What to produce -
Leave every image behind and restate the data word for word.

Data provided -
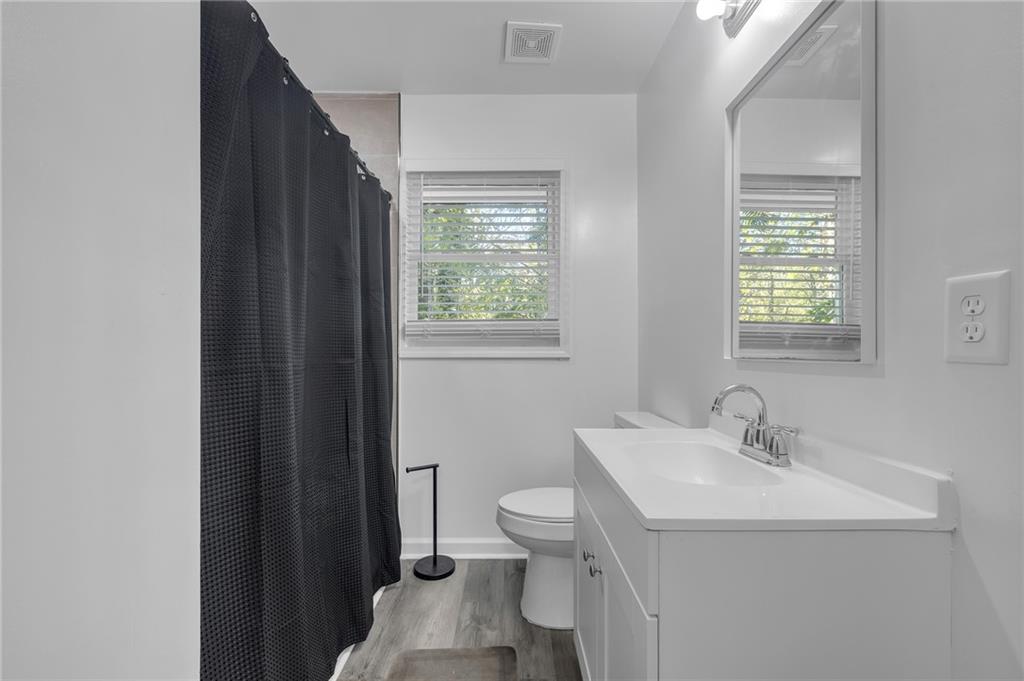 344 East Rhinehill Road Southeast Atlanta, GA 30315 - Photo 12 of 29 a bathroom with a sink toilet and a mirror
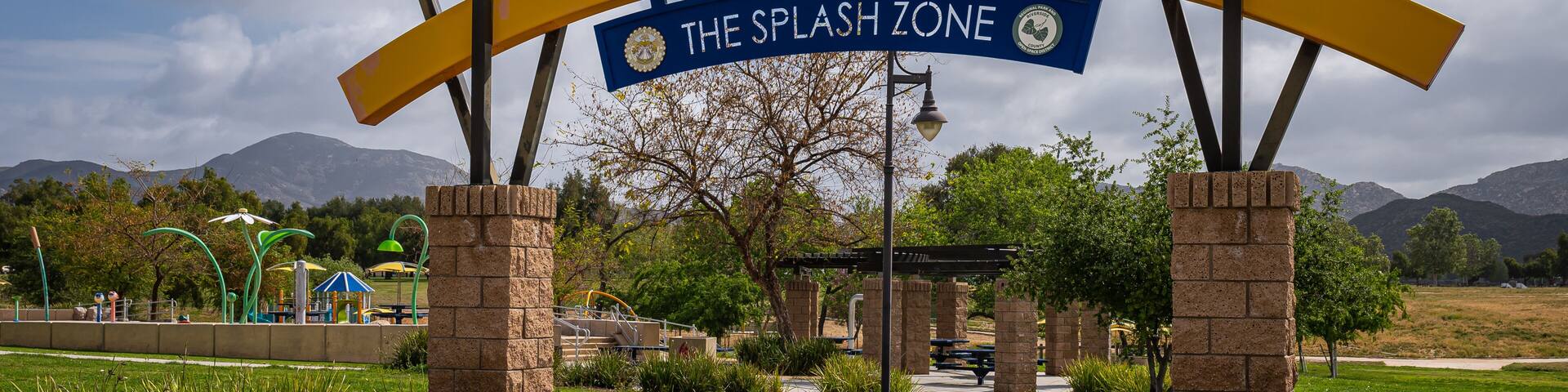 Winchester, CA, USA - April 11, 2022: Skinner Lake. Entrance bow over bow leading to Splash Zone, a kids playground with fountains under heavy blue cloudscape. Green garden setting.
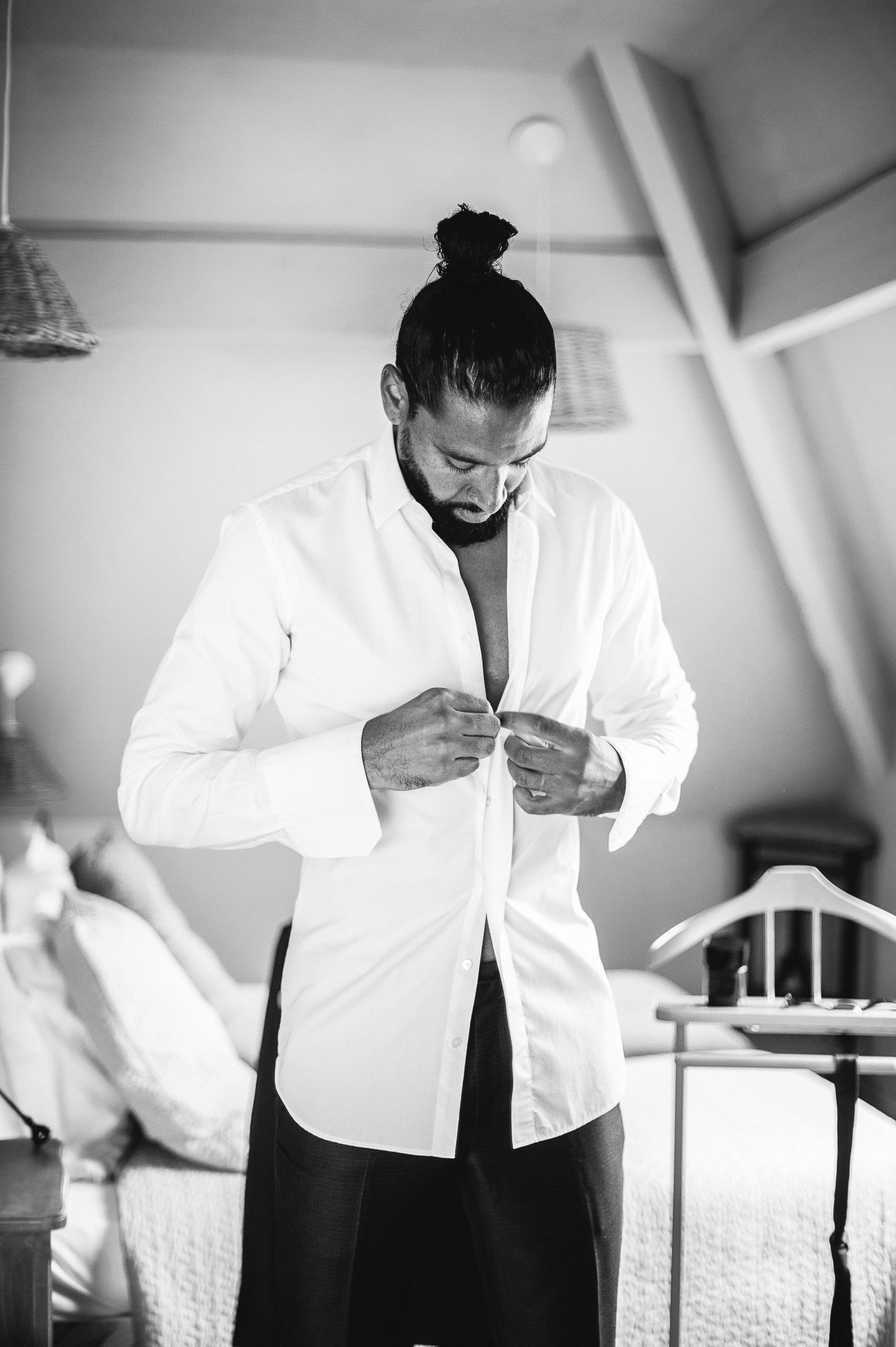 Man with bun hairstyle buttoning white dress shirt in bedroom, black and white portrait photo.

Solved exercise -
 344 East Rhinehill Road Southeast Atlanta, GA 30315 - Photo 12 of 29 a bathroom with a sink toilet and a mirror
 Winchester, CA, USA - April 11, 2022: Skinner Lake. Entrance bow over bow leading to Splash Zone, a kids playground with fountains under heavy blue cloudscape. Green garden setting.
 Man with bun hairstyle buttoning white dress shirt in bedroom, black and white portrait photo.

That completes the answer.